### What to work on
Task for the records below: please retype exactly and only the lines from the first through the one with "[KHOKI] 3D cutting sweat pants", with every picture omitted.

### Input for this task

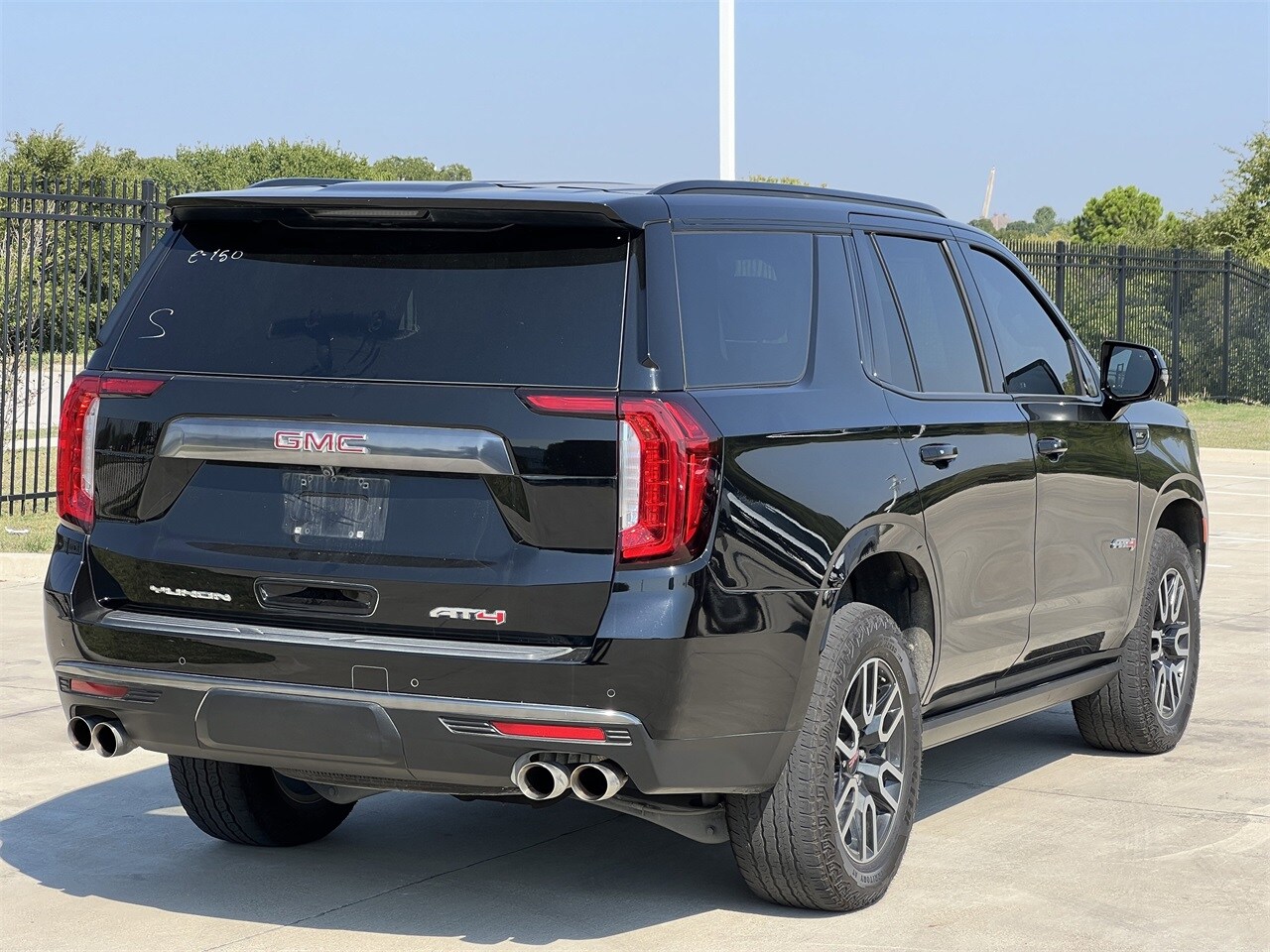 2024 Gmc Yukon AT4 photo 4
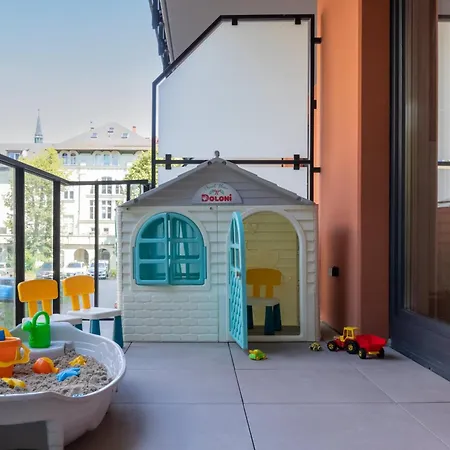 Family With A Sandbox On The Balcony In By Renters 公寓 科沃布热格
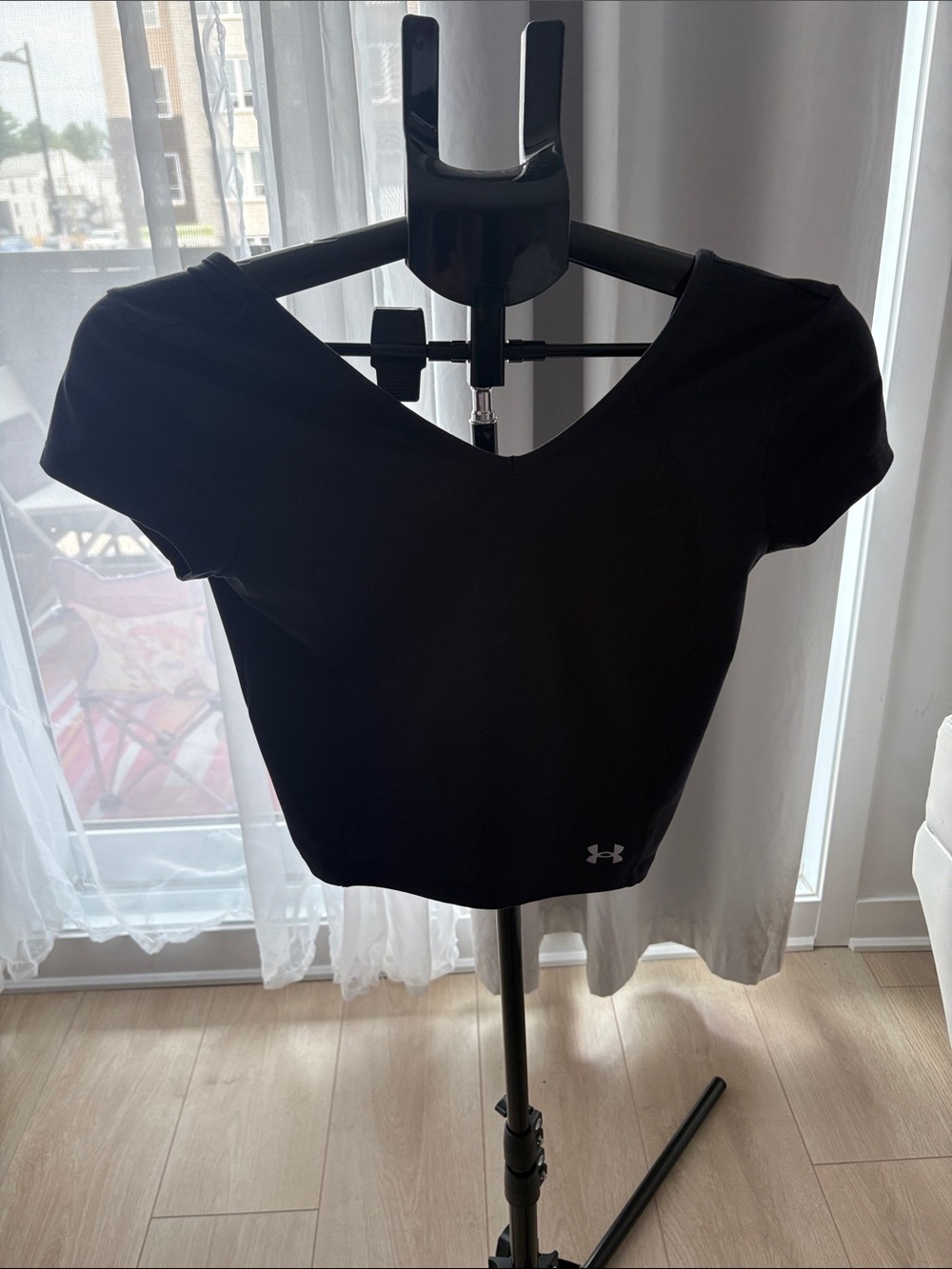 Under Armour Black Cropped V-Neck Women's Performance Top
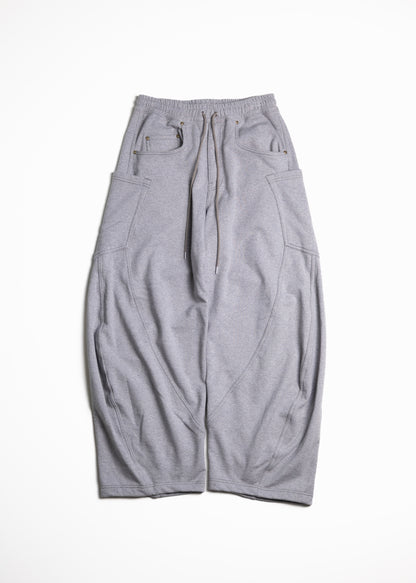 [KHOKI] 3D cutting sweat pants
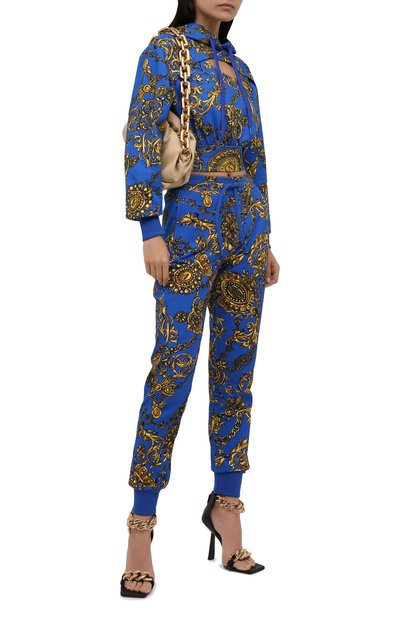 Хлопковые джоггеры VERSACE JEANS COUTURE синего цвета по цене 42350 руб., арт. 71HAA310-71DP310 FELPA GAR PR BAR0QUE/FS002, фото 2 Хлопковые джоггеры VERSACE JEANS COUTURE, арт. 71HAA310-71DP310 FELPA GAR PR BAR0QUE/FS002, фото 2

### Answer box
 2024 Gmc Yukon AT4 photo 4
 Family With A Sandbox On The Balcony In By Renters 公寓 科沃布热格
 Under Armour Black Cropped V-Neck Women's Performance Top
 [KHOKI] 3D cutting sweat pants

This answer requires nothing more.